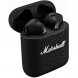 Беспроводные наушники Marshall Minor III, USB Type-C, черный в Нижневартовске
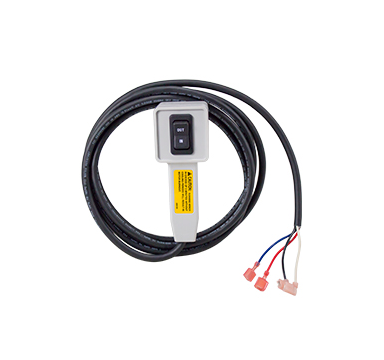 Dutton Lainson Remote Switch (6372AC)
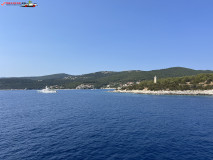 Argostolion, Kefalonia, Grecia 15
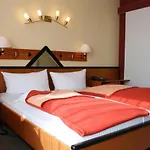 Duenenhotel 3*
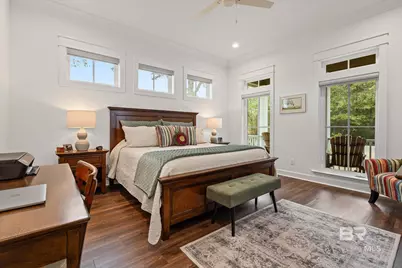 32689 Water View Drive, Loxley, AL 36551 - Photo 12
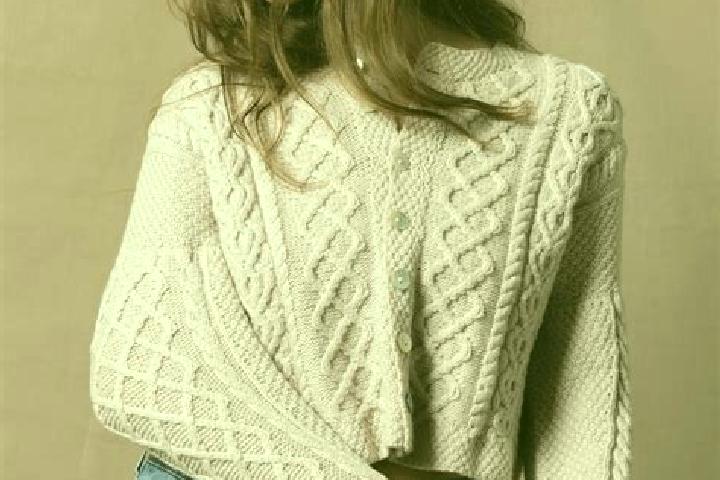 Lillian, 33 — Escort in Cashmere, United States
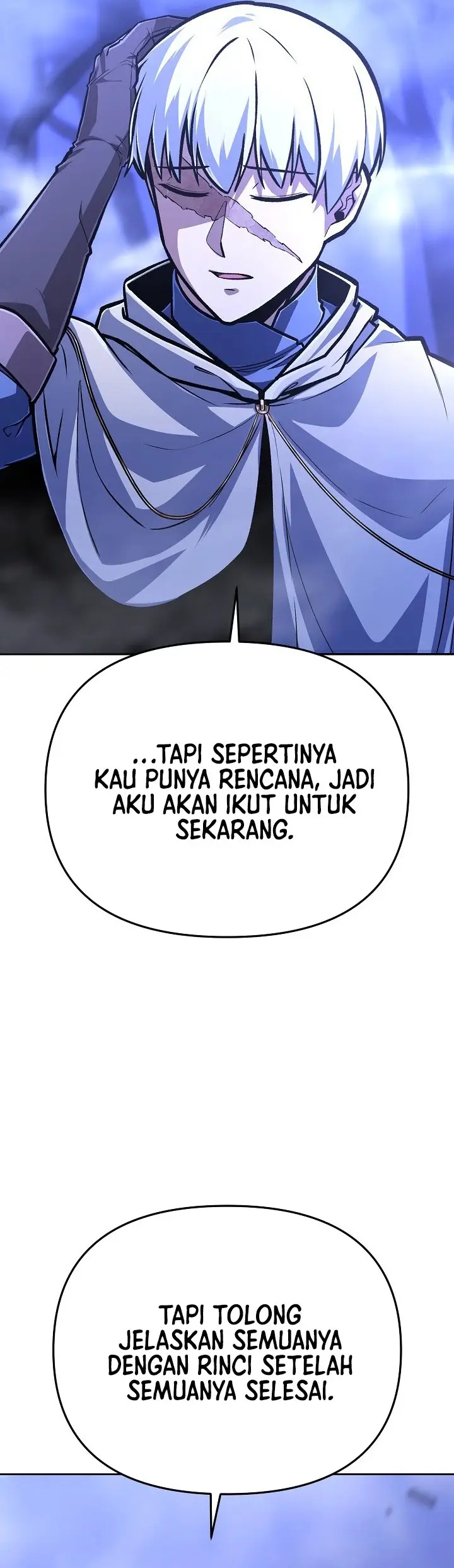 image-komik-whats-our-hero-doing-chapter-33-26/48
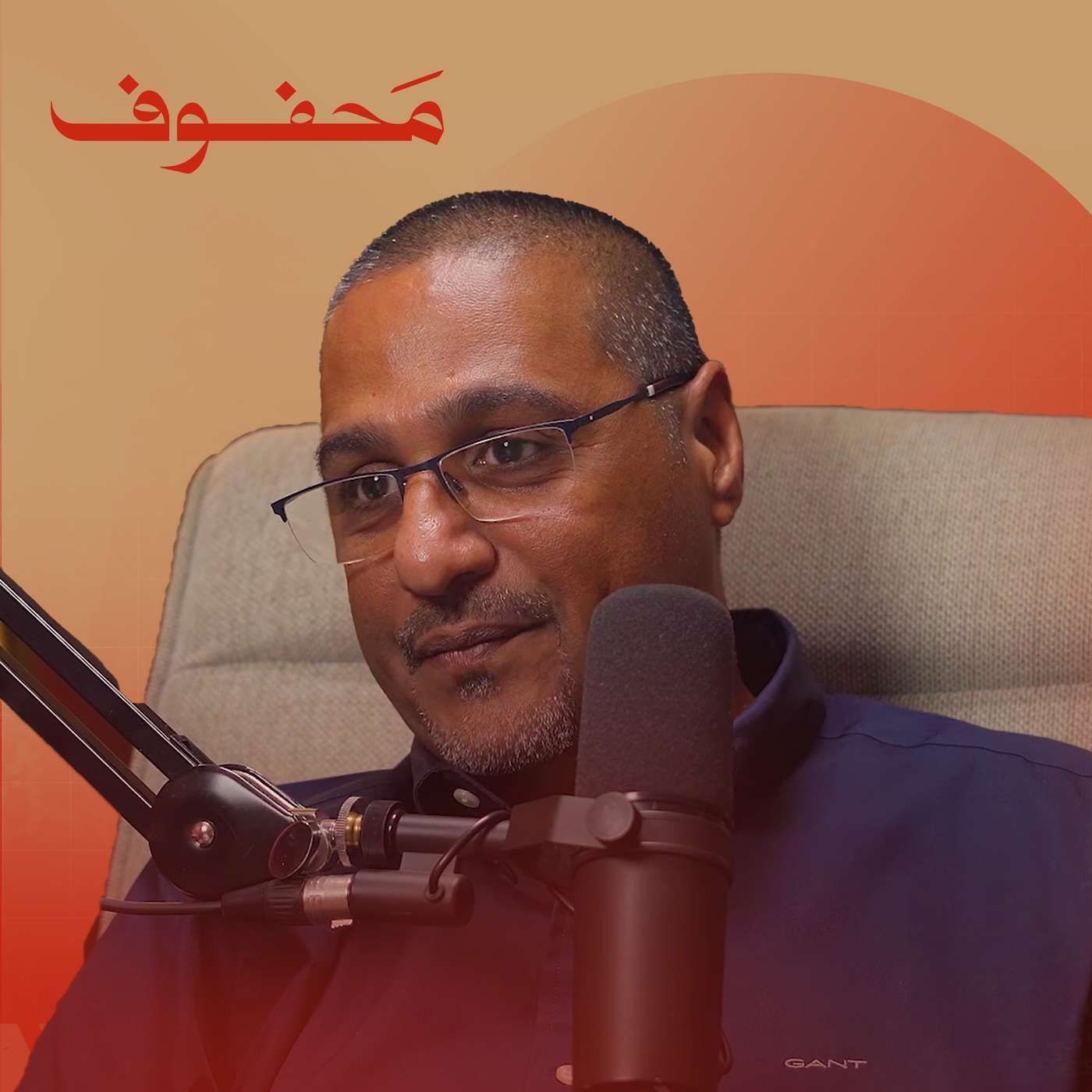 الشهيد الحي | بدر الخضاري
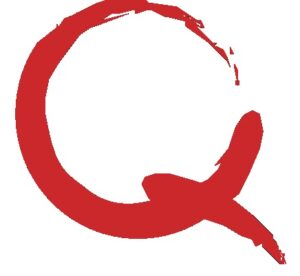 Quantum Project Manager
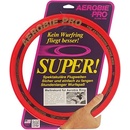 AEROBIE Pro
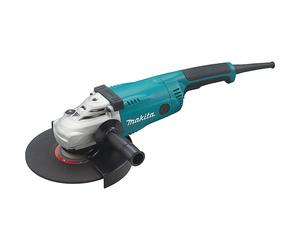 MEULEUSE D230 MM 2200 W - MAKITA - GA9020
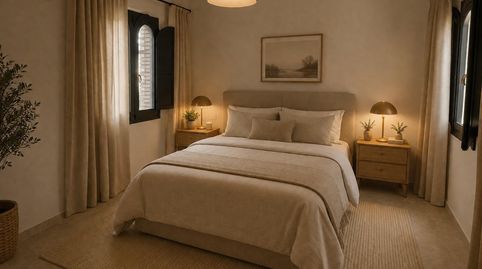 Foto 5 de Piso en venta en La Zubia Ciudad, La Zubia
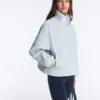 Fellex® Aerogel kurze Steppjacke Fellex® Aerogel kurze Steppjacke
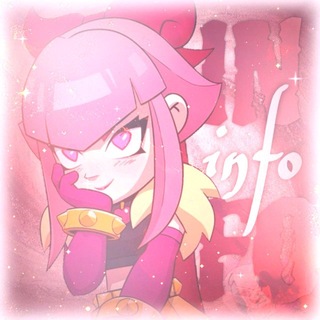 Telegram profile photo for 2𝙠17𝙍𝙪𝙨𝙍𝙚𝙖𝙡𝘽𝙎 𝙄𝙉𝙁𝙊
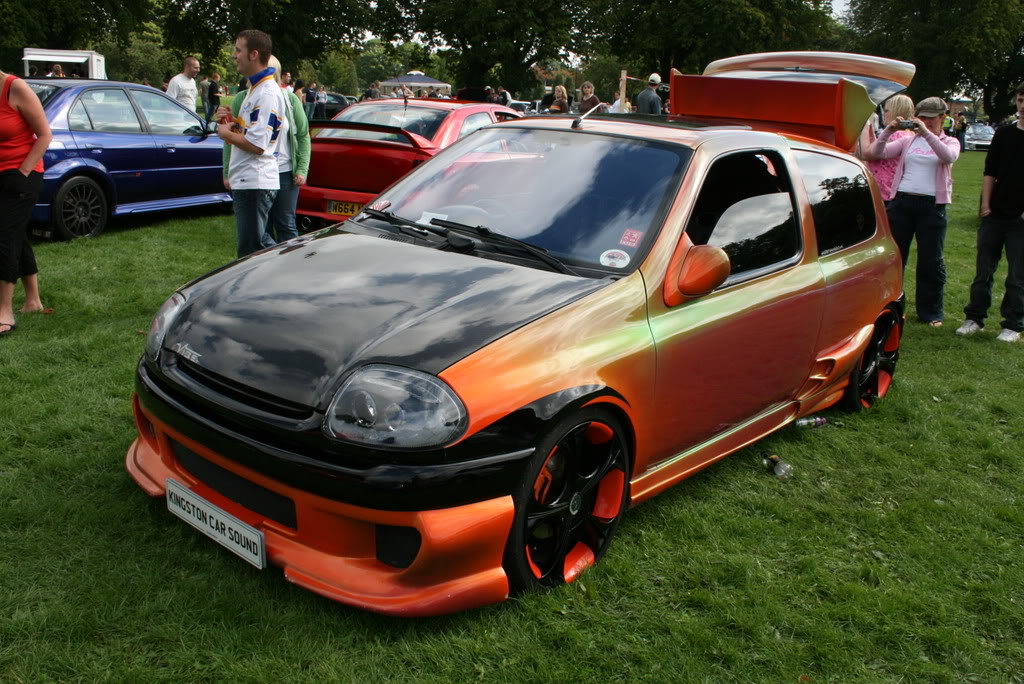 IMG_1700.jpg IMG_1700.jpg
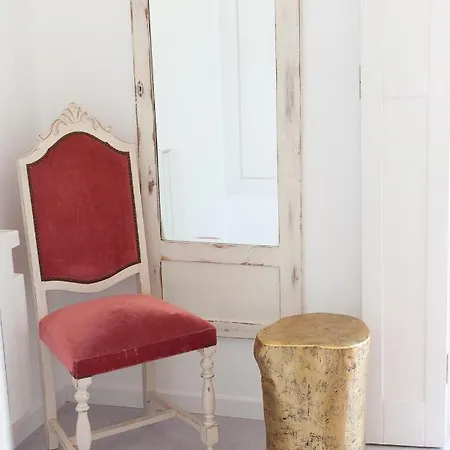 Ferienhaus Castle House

**TASK GOAL:** Go to the line that contains "AEROBIE Pro" and copy it and every line after it through the end of the entries, exactly, without the pictures.

**ANSWER FOR THE TASK:**
 AEROBIE Pro
 MEULEUSE D230 MM 2200 W - MAKITA - GA9020
 Foto 5 de Piso en venta en La Zubia Ciudad, La Zubia
 Fellex® Aerogel kurze Steppjacke Fellex® Aerogel kurze Steppjacke
 Telegram profile photo for 2𝙠17𝙍𝙪𝙨𝙍𝙚𝙖𝙡𝘽𝙎 𝙄𝙉𝙁𝙊
 IMG_1700.jpg IMG_1700.jpg
 Ferienhaus Castle House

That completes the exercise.